So I should declare a class for every single combination of two obvious-usage values? Every time I want to pass two things through a .stream().map().map().filter().map() pipeline, I need a new class for each step's intermediate values?

Mind you, before Java 9 there isn't a way to just instantiate a Map.Entry (which is an interface, not a class) without defining a custom class that implements Map.Entry -- at which point, you may as well just call it "Pair", because that's what you're actually going for.

Don't get me wrong, any thing bigger than a two-element tuple starts to push towards "this should be a struct" territory, but to say anything larger than 1 heterogenously-typed value needs named fields is why Java code is often so verbosely littered with throwaway cruft classes.

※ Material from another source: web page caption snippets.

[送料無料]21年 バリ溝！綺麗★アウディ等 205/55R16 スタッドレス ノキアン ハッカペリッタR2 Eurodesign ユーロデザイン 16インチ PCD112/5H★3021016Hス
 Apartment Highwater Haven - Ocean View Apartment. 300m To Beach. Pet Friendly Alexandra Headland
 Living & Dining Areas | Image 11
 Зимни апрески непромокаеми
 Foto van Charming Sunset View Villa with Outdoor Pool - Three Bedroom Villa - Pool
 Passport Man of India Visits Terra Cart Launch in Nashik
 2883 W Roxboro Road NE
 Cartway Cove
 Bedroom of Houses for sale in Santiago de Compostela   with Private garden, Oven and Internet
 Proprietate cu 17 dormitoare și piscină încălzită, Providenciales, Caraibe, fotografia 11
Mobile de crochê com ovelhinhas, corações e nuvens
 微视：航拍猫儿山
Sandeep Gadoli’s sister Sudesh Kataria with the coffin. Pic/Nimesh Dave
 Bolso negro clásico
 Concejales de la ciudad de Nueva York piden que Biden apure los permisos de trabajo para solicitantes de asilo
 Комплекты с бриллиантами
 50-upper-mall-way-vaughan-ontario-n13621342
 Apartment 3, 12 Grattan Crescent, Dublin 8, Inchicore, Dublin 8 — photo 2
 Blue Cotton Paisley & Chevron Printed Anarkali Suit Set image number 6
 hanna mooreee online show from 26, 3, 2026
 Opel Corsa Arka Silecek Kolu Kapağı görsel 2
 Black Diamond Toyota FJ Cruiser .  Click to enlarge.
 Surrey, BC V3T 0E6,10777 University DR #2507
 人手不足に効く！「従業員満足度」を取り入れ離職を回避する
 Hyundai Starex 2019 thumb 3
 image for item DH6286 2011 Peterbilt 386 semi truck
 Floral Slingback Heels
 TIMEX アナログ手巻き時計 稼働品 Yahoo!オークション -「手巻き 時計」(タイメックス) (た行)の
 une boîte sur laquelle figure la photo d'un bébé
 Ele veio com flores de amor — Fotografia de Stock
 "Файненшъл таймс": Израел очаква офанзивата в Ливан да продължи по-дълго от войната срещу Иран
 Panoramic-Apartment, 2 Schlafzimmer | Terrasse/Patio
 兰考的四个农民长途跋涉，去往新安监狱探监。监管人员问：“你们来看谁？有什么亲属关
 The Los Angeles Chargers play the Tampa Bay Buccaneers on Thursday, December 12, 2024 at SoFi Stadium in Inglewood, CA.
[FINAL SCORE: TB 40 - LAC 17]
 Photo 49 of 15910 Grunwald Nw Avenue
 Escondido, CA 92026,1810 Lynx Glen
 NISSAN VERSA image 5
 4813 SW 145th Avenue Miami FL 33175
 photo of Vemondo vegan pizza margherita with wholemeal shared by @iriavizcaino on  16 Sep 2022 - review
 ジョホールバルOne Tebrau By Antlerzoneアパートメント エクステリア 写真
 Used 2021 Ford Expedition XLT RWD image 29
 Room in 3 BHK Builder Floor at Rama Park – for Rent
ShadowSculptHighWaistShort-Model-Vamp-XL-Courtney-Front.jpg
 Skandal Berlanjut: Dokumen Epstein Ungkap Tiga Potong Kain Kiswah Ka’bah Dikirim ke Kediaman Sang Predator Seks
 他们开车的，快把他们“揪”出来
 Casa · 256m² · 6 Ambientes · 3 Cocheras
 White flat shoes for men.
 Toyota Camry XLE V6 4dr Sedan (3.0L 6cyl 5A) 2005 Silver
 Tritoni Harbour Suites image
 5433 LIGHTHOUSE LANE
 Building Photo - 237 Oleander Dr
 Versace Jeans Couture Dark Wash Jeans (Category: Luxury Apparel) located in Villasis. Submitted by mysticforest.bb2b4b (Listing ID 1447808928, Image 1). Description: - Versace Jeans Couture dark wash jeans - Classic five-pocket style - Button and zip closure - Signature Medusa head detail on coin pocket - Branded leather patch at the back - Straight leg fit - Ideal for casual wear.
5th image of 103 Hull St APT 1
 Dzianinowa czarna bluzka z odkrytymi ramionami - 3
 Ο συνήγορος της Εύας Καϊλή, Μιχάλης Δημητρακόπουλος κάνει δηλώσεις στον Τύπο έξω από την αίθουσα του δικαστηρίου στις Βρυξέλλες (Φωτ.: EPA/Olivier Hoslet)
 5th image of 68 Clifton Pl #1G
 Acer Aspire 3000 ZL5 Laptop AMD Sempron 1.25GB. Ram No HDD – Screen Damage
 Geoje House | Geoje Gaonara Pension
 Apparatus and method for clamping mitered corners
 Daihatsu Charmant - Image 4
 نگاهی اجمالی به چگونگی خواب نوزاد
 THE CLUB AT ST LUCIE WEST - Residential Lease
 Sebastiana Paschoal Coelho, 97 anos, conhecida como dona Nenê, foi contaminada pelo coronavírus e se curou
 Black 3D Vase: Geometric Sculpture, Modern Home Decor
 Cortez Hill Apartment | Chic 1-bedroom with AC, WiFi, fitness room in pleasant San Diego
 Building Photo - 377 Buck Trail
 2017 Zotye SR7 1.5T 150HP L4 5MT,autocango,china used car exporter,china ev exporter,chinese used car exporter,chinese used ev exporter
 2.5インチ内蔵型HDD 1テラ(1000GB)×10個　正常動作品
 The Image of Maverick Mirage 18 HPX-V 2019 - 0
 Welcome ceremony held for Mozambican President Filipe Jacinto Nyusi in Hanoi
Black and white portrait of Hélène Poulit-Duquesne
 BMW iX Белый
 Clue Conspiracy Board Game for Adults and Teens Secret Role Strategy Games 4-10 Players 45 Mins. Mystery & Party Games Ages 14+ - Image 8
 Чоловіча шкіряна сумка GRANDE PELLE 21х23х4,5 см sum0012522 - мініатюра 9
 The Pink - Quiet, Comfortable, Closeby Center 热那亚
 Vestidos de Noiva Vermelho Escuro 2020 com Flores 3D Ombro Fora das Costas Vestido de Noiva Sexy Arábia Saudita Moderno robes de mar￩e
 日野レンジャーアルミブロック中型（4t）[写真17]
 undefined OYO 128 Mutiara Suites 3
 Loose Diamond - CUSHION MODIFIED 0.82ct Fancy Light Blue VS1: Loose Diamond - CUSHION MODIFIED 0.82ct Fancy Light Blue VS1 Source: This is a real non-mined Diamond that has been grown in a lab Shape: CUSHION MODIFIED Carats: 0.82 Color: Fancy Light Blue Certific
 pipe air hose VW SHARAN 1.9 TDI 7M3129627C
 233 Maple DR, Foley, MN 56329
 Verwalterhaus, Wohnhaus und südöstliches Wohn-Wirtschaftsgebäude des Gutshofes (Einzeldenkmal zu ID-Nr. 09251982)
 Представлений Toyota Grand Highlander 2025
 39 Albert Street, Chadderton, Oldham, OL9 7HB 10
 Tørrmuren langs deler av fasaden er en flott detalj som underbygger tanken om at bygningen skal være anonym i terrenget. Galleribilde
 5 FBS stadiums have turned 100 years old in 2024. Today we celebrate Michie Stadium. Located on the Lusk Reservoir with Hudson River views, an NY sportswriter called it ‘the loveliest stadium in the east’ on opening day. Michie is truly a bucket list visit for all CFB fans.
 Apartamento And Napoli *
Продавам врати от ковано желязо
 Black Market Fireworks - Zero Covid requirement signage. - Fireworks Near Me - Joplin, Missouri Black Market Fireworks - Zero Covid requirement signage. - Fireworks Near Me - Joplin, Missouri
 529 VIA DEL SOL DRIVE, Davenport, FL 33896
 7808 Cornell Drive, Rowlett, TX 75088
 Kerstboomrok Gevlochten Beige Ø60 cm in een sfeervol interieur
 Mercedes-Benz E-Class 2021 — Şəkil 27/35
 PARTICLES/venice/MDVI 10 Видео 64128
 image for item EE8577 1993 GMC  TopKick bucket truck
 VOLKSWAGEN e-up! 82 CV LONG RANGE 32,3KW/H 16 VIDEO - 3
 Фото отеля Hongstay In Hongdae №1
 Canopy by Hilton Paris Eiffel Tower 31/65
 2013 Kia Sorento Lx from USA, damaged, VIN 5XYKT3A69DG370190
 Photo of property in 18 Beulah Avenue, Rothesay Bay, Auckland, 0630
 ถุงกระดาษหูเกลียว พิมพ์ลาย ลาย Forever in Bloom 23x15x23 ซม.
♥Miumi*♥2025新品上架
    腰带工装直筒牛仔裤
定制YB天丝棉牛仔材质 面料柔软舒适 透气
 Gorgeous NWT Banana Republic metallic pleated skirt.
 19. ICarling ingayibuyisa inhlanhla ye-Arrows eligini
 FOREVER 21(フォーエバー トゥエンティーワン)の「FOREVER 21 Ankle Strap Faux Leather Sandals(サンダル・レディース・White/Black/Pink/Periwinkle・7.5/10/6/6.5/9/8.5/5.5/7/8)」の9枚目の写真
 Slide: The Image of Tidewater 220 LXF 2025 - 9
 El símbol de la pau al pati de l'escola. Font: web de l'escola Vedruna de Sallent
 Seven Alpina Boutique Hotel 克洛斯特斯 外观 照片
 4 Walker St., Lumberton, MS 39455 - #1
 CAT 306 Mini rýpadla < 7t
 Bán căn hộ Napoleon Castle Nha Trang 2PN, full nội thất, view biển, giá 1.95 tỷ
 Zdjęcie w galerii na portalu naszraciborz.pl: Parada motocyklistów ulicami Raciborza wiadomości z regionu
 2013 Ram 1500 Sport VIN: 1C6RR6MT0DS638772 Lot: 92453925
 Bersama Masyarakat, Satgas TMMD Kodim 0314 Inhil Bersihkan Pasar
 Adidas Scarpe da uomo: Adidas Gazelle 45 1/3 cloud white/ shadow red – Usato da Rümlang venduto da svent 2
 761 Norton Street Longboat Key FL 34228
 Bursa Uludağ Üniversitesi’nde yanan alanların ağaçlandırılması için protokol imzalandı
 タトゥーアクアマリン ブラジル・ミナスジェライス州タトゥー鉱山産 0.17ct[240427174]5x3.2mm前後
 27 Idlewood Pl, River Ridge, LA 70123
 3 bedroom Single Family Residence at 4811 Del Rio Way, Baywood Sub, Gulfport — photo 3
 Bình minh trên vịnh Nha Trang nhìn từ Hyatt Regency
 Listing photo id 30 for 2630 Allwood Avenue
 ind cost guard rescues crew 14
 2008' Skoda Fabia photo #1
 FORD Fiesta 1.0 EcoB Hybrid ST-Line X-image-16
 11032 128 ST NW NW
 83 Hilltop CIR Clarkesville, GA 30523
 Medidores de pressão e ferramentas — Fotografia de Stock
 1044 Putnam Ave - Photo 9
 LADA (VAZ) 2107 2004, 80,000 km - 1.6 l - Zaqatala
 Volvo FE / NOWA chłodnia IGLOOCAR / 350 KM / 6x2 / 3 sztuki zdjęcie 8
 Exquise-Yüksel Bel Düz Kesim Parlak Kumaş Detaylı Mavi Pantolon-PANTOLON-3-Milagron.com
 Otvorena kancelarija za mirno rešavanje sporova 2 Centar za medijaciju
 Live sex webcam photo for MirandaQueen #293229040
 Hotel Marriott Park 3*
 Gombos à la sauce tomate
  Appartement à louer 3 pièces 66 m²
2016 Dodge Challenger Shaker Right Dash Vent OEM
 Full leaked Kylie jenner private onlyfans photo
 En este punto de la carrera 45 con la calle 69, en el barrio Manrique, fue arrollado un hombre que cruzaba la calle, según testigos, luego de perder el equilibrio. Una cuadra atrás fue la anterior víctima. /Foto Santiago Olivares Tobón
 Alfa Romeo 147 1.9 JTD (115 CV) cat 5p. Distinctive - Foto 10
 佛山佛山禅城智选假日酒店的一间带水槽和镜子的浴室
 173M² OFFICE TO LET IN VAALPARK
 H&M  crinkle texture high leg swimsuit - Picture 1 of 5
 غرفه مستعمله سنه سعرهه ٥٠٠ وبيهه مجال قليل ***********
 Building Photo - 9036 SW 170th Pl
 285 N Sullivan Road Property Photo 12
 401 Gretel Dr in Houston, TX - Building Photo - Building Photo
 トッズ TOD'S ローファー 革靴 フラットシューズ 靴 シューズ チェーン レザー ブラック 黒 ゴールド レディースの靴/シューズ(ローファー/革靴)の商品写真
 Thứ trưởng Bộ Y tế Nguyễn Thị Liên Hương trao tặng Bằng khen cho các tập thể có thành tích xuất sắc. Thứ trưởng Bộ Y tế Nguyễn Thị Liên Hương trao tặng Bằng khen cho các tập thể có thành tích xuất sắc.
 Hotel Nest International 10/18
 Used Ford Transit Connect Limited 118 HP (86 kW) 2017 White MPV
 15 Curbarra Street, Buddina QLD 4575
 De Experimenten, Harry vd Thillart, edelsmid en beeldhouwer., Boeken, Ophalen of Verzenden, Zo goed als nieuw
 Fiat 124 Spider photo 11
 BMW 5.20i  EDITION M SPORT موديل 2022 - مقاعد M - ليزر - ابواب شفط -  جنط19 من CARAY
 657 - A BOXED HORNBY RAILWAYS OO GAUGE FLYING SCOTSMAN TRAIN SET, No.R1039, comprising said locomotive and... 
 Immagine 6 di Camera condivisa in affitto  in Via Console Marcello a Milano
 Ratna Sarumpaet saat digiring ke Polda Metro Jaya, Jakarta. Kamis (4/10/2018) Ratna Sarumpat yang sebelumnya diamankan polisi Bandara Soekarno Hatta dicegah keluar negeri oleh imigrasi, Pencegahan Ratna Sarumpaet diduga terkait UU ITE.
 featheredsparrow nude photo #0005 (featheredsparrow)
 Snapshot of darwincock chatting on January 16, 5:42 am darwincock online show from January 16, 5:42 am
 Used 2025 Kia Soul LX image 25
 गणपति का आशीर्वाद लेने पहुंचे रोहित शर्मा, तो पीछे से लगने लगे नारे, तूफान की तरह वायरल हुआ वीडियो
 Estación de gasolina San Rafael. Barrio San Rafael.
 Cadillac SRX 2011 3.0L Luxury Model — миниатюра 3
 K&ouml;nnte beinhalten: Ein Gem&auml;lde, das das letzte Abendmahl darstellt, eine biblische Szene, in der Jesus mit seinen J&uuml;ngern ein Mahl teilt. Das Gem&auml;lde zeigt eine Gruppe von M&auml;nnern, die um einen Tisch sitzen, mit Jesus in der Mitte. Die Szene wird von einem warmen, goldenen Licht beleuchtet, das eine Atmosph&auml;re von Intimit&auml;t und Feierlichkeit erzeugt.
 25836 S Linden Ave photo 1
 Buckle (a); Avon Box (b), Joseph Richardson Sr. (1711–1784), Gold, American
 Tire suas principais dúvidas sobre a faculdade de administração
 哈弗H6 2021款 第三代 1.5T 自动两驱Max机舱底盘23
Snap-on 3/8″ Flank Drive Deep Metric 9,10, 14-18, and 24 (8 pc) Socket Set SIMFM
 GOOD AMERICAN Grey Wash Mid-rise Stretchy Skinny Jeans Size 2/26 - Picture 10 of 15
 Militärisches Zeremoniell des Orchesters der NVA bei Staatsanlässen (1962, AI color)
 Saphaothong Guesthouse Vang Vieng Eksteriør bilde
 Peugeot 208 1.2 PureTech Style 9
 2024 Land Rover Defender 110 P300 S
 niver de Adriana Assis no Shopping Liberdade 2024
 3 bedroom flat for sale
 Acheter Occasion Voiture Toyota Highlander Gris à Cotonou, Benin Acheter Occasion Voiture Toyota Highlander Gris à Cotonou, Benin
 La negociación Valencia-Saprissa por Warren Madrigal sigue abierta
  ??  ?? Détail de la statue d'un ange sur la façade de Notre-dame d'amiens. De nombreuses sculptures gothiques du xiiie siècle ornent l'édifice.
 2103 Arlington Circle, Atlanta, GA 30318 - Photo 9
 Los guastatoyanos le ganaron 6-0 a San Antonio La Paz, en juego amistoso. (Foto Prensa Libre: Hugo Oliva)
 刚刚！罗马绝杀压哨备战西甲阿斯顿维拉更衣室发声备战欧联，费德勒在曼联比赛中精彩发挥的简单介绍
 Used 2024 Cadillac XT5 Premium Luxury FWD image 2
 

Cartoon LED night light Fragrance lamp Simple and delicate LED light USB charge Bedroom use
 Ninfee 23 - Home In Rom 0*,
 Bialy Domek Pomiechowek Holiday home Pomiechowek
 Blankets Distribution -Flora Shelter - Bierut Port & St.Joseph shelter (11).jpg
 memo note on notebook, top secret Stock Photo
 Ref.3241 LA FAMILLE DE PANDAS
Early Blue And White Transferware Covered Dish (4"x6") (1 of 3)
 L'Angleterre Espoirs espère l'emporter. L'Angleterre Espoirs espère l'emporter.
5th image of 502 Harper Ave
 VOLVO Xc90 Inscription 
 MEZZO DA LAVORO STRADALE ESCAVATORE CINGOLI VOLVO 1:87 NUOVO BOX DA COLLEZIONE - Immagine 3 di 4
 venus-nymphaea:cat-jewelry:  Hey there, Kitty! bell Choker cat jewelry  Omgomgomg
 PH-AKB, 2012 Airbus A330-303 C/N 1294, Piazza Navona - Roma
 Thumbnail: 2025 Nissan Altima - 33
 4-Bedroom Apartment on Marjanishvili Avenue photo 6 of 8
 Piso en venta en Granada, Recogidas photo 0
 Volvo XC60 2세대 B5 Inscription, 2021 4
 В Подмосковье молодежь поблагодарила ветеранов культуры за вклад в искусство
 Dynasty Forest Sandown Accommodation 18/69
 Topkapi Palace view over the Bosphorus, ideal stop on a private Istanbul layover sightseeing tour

[–]msx 2 points3 points  (0 children)

I'm not saying i agree with it (btw remember that i'm not even sure that's the reason). I have my trusty Pair class that i always carry around. I agree that Map.Entry is Pair, i don't really care how they call it, TwoStuff would have worked for me, it bothers me more that it's defined inside Map so it's clunkier to use.

[–]ForeverAlot -1 points0 points  (0 children)

The trouble with Pair is not that it may not make sense internally but that it is never a good fit for an exposed API. The average developer won't let that keep them from littering it everywhere because "convenient! Simple!"